Cette protection s'applique quel que soit le régime matrimonial — que les époux vivent sous le régime légal de la société d'acquêts, sous la séparation de biens ou sous tout autre régime établi par contrat de mariage. Les règles sur le patrimoine familial des articles 401-413 C.c.Q. s'appliquent à tous les couples mariés et aux conjoints en union civile au Québec.

Quand avez-vous besoin d'un Déclaration de résidence familiale (Québec) ?

La déclaration de résidence familiale est nécessaire chaque fois que des époux mariés ou des conjoints en union civile souhaitent protéger formellement leur maison familiale contre une disposition unilatérale du conjoint propriétaire. Cette protection est particulièrement importante dans plusieurs circonstances.

La déclaration est essentielle lorsque seul l'un des conjoints est inscrit comme propriétaire de la maison familiale — que ce soit parce que le bien était possédé avant le mariage, a été hérité à titre de bien propre, a été acheté uniquement au nom d'un conjoint, ou a été reçu en donation. Sans la déclaration publiée au Registre foncier, un acheteur tiers ou un créancier hypothécaire qui n'a pas de connaissance réelle de l'occupation familiale pourrait, dans certaines circonstances, avoir priorité sur les intérêts du conjoint non propriétaire.

La déclaration est également conseillée lorsque la résidence familiale est possédée par un conjoint qui exploite une entreprise, a des dettes personnelles importantes, ou dont la situation financière crée un risque que la maison soit vendue ou hypothéquée à l'insu de l'autre conjoint. Elle est également importante lorsque la famille envisage une rénovation nécessitant un financement substantiel, car la déclaration garantit que les deux conjoints doivent consentir à toute nouvelle hypothèque sur la maison familiale.

Dans le cadre de la planification successorale, l'intégration de la déclaration dans un plan global peut protéger le droit du conjoint survivant de continuer à habiter la résidence familiale en cas de décès du conjoint propriétaire. Le droit au maintien dans les lieux du conjoint survivant (art. 408 C.c.Q.) est renforcé lorsque le bien est formellement déclaré comme résidence familiale.

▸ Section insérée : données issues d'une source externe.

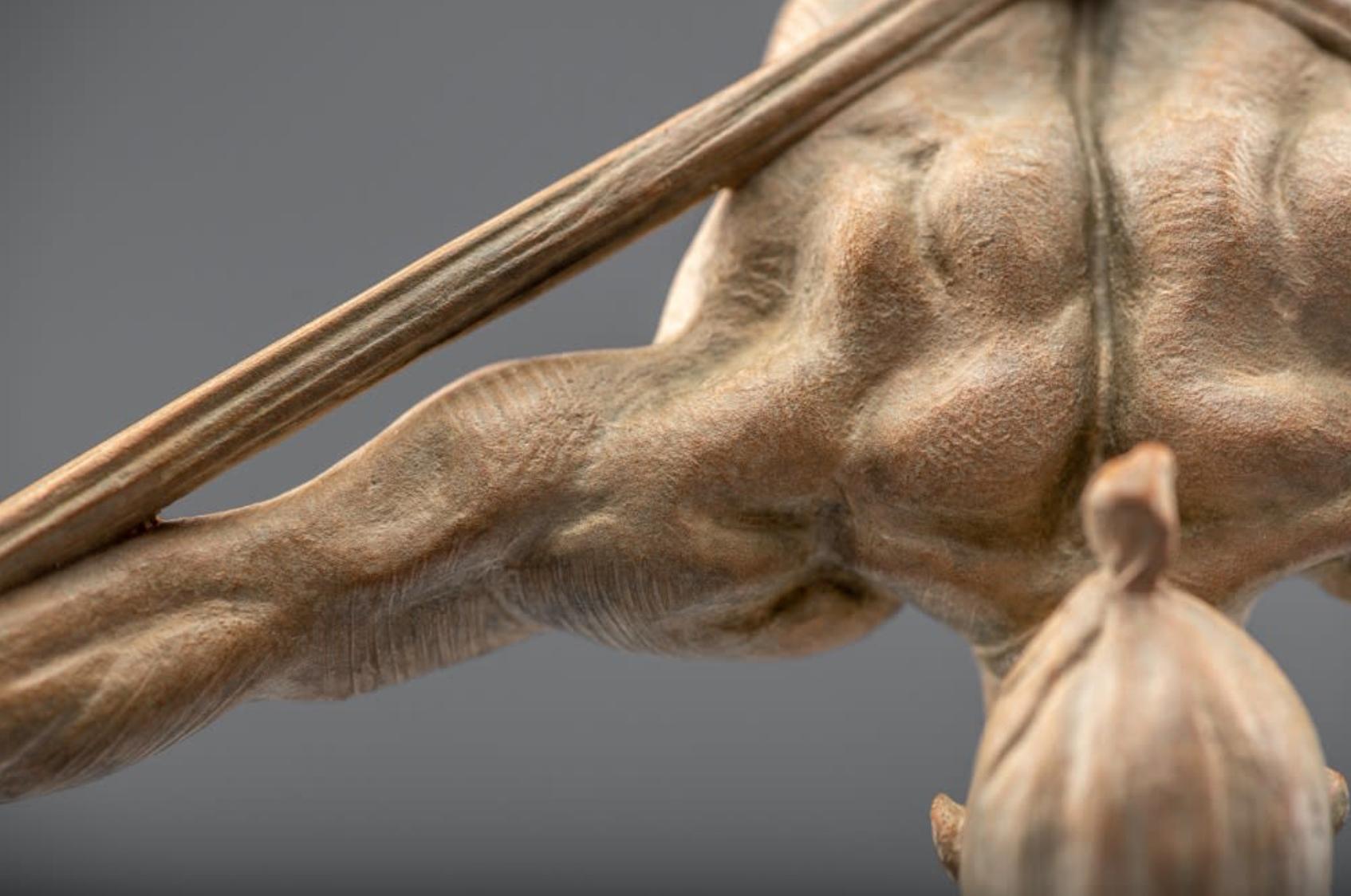 Transzendenz, Atelier (Gold), Figurative Sculpture, von Richard MacDonald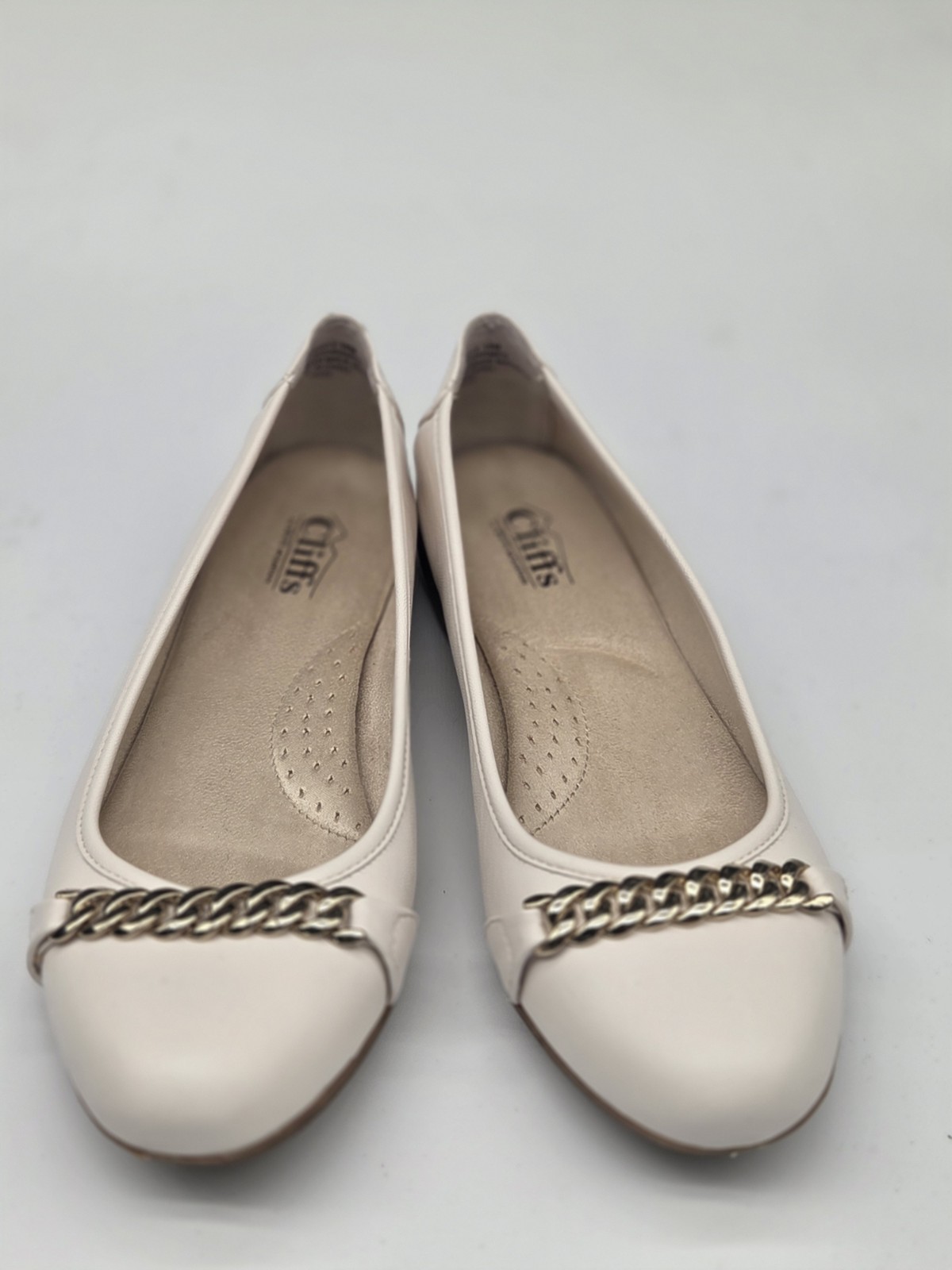 Cliffs By White Mountain Charmed Shoes Size 10 M Off White Gold Chain Flat Shoe
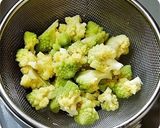 ロマネスコとベーコンのおかか醤油炒め作り方2写真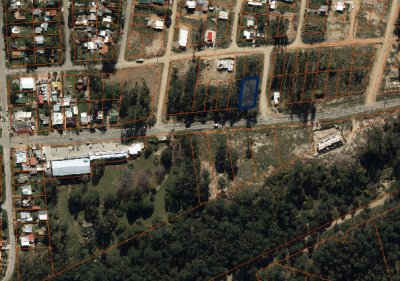 Terrenos para edificio o comercio sobre avenida en barrio en punto estrategico 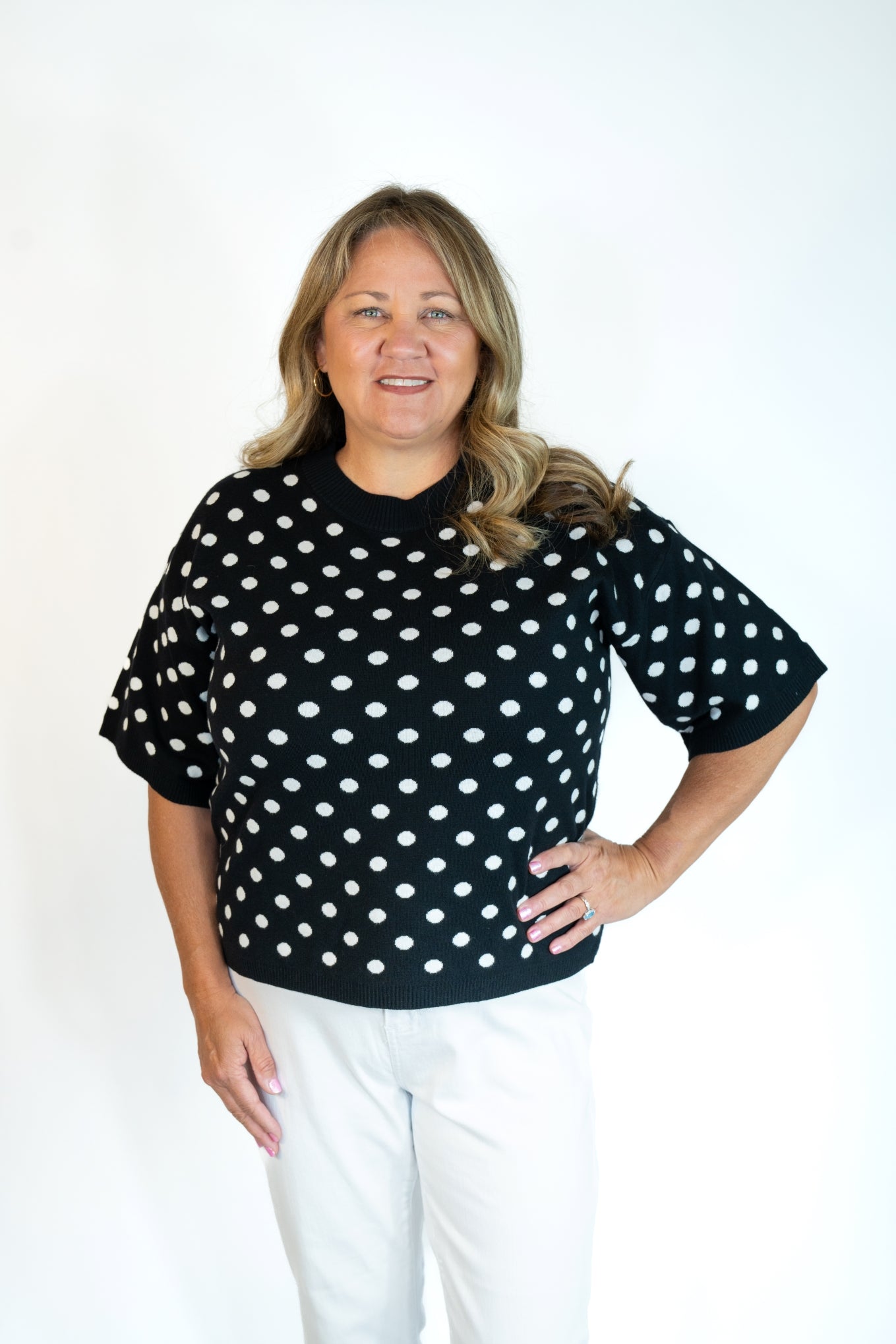 BLACK AND WHITE POLKA DOT TOP – Sisters Boutique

Que faut-il inclure dans votre Déclaration de résidence familiale (Québec) ?

Une déclaration de résidence familiale juridiquement efficace au Québec doit comprendre : (1) L'identification complète du conjoint déclarant avec nom, adresse et date de naissance ; (2) Si le déclarant n'est pas le propriétaire, l'identification du conjoint propriétaire inscrit et la confirmation de son consentement ; (3) Le type de relation conjugale : mariage ou union civile, date et lieu de célébration ; (4) Le régime matrimonial : société d'acquêts (régime légal par défaut au Québec), séparation de biens, ou autre régime établi par contrat de mariage ; (5) La description précise de la résidence familiale : adresse civique, numéro de lot cadastral, circonscription foncière, description du bien, date d'occupation familiale et titre d'occupation (propriétaire ou locataire) ; (6) La couverture des meubles garnissant la résidence familiale et servant à l'usage du ménage (art. 395 C.c.Q.) ; (7) La présence d'enfants mineurs à la résidence familiale ; (8) L'énoncé des effets juridiques de la déclaration (art. 404 et 406 C.c.Q.) : restriction à l'aliénation et à l'hypothèque sans le consentement du conjoint, et droit d'annulation ; (9) La référence aux règles du patrimoine familial (art. 401-413 C.c.Q.) et l'obligation de partage de la valeur nette de la résidence familiale lors de la dissolution ; (10) Les dispositions de publication notariale ; (11) La déclaration de bonne foi (art. 1375 C.c.Q.) ; et (12) La clause de droit applicable.